The character of the losses taken by both partners depends on the character of the loss inside the p-ship.  Since the loss is attributable to ordinary deductions and losses, both Nate and Olivia must take ordinary losses.  Nate takes a 20k ordinary loss on the year, and Olivia takes a 30k ordinary loss, but offsets this amount with an ordinary gain of 100k. Thus, Olivia must recognize 70k ordinary gain.

 

 

Exam No. 1795

 

First, the guaranteed payment to Olivia should properly be recognized as ordinary income to her and deductible by the partnership under 162. Even though she is likely acting in her capacity as a partner, this is a guaranteed payment not related to partnership profits.

Although without the payment to Olivia the company would have realized 50k profits, after the payment they have a 50k loss. Although they have both capital and ordinary gain and you cannot deduct capital losses against ordinary gain, you can deduct ordinary losses against capital gain. See balance sheet.

 

Although the operating agreement satisfies the alternative test for economic effect and the partners have agreed to share all loses and gains equally, Nate will be limited to 20 loss in the first year because there is not an unconditional agreement to restore negative capital accounts. Though the loan is in name recourse because no one is personally at risk, it should be allocated as a non-recourse loan. As long as some of the partners have positive capital account and there is not an unconditional agreement to restore negative capital accounts, allocation of non-recourse loss cannot have substantial economic effect. After Nate’s loss is limited by his capital account the remaining loss will pass to Olivia.

 

If Nate had agreed to restore a negative capital account, the regulations under 1.752 would have operated to assure he had plenty of basis.

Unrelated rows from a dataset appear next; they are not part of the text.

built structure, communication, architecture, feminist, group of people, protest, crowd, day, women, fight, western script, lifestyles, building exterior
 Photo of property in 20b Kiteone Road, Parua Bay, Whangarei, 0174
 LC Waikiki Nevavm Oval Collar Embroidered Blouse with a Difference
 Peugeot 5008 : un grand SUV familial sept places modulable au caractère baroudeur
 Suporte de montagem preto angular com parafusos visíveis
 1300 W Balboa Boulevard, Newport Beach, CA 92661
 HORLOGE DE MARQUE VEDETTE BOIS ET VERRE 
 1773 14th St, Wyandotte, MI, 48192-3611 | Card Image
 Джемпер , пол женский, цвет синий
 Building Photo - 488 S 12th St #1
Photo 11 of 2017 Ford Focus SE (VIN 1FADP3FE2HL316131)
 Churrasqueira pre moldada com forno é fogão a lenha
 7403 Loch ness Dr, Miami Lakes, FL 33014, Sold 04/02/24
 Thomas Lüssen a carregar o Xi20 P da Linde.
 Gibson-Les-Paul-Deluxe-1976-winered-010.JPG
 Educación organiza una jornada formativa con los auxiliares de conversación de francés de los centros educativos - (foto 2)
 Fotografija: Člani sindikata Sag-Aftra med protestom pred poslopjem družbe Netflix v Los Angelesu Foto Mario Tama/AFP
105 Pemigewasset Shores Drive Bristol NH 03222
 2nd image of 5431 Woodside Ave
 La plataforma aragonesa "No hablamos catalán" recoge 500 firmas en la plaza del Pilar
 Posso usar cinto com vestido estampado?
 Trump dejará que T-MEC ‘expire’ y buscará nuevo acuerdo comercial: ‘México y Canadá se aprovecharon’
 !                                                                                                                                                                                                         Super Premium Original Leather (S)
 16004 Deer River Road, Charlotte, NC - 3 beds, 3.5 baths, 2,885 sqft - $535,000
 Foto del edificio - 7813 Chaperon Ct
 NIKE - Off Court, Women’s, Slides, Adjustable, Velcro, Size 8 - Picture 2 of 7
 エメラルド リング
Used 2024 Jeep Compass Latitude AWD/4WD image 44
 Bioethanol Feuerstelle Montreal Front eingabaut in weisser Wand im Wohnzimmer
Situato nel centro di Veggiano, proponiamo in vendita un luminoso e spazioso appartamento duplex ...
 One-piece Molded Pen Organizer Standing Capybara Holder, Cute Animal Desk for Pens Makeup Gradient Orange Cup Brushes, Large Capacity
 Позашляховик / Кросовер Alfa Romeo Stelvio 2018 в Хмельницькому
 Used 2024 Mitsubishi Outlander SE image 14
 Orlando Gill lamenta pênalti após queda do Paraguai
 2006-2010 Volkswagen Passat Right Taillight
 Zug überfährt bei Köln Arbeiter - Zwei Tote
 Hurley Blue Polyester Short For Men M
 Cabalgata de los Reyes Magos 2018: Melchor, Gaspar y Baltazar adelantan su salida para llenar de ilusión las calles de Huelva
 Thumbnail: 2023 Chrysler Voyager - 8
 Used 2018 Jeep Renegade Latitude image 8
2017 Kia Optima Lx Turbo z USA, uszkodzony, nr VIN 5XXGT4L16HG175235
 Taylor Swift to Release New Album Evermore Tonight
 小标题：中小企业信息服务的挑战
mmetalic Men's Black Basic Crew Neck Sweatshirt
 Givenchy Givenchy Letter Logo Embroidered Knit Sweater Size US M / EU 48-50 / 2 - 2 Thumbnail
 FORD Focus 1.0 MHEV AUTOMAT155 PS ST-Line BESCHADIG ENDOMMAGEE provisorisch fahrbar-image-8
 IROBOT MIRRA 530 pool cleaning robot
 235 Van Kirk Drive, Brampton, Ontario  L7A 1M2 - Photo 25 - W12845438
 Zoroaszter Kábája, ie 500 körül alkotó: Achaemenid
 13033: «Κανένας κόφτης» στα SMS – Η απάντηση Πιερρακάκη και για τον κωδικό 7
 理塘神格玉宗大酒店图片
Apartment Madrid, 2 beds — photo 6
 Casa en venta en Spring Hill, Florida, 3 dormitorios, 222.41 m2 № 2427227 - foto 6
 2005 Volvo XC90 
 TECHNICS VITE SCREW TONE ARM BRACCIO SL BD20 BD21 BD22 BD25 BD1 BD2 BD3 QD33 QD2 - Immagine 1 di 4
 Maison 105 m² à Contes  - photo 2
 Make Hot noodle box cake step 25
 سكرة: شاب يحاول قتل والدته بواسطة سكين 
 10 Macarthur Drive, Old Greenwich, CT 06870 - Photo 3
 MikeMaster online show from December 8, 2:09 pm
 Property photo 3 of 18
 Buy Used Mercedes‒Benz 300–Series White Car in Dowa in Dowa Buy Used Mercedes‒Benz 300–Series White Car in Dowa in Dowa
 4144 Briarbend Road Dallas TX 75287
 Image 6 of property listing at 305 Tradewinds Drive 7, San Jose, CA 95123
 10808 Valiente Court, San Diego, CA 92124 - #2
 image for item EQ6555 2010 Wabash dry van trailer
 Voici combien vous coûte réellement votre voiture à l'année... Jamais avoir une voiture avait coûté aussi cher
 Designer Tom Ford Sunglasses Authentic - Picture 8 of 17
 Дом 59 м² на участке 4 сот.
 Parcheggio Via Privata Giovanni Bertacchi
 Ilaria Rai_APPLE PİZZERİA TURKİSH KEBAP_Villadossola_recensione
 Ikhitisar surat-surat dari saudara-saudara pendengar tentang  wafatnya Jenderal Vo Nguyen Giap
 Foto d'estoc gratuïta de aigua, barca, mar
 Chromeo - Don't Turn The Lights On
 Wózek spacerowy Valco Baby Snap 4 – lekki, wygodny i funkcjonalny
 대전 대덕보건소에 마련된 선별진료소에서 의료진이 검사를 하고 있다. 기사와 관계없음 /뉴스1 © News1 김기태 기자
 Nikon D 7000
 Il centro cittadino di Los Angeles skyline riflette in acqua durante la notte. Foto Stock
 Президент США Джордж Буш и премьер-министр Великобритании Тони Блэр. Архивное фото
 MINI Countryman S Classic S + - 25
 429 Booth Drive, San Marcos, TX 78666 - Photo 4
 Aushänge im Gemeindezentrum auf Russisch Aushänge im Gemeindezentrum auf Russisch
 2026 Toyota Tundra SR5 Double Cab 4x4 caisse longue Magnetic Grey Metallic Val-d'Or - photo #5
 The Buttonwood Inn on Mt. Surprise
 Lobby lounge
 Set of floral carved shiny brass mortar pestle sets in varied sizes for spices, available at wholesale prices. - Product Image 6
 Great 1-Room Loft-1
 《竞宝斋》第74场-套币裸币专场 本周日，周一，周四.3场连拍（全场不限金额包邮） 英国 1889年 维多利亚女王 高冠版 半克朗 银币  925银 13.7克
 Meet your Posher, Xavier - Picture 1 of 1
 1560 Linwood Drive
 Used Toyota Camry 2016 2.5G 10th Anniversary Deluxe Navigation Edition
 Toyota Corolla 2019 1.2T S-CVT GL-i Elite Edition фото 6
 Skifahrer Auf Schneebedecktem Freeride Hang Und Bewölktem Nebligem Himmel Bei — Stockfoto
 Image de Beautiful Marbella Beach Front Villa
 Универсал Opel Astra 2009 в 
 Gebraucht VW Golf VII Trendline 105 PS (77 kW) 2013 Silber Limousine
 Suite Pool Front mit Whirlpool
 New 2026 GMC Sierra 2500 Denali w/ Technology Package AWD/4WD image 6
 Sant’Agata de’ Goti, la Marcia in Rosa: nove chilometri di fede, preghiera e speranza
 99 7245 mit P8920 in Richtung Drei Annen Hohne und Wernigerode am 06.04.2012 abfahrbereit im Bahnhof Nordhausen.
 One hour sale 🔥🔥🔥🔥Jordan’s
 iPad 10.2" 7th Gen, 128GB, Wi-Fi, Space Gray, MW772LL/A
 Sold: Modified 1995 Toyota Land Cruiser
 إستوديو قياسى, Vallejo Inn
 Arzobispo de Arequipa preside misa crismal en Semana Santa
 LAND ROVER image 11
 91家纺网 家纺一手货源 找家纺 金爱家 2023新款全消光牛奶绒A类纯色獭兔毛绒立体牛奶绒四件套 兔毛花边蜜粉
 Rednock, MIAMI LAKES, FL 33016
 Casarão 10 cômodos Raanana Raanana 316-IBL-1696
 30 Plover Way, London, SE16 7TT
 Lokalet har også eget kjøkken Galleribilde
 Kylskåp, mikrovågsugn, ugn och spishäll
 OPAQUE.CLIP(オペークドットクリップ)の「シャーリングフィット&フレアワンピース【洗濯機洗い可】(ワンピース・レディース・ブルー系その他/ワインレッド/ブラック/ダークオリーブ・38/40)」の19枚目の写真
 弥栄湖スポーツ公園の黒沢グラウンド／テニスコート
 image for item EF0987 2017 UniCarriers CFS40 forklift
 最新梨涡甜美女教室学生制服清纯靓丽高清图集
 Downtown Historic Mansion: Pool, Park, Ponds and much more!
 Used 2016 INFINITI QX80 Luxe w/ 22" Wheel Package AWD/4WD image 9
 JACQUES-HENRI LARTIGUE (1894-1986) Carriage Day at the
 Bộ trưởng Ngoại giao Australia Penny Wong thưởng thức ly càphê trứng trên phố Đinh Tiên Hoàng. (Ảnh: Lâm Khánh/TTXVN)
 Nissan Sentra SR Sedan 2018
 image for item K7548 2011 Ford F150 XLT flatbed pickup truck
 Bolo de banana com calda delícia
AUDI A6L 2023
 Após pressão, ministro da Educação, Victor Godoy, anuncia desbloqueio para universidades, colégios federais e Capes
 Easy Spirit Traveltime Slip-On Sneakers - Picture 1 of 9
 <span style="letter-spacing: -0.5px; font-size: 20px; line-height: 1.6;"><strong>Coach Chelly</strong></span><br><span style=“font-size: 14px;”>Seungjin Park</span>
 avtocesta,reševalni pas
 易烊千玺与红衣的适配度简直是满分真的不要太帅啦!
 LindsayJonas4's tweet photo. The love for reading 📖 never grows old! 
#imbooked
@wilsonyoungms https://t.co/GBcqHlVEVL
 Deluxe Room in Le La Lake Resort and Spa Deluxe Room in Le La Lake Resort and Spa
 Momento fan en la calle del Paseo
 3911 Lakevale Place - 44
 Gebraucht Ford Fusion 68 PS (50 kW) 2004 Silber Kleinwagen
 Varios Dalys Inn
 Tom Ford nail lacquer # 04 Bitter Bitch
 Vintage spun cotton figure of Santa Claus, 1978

Under the regulations 1.752 allocation of non-recourse liability is made in a three tiered fashion according to 704(b) gain under 704(c) on encumbered property and finally according to the partnership agreement, either profit sharing arrangement or especially designated for this purpose.

 

Although no one has personal liability and this would not seem to satisfy the test for substantial economic effect, because the loan is in name a recourse loan, it is possible that Nate and Olivia would be able to split their losses equally and argue “all the facts and circumstance” to justify the allocation.

Although it is not altogether clear what the company does, since the only asset we know of is cash it seems likely this could be an investment company. Since the only thing contributed was cash, this doesn’t have any effect on 721 basis. However, it may have substantial effect on the parties’ ability to claim any loss. The 465 at risk rules would limit the losses the party could deduct to amounts they actually have at risk. In this case that would be limited to their actual cash contributions. In addition, although Olivia is most likely active in the business, Nate might be prevented from taking passive activity losses under 469. From what we know it doesn’t seem he materially participates in the venture. If the transaction with Olivia is somehow not considered part of the company’s taxable year, then each member would have 10k ordinary income and 15k capital gains.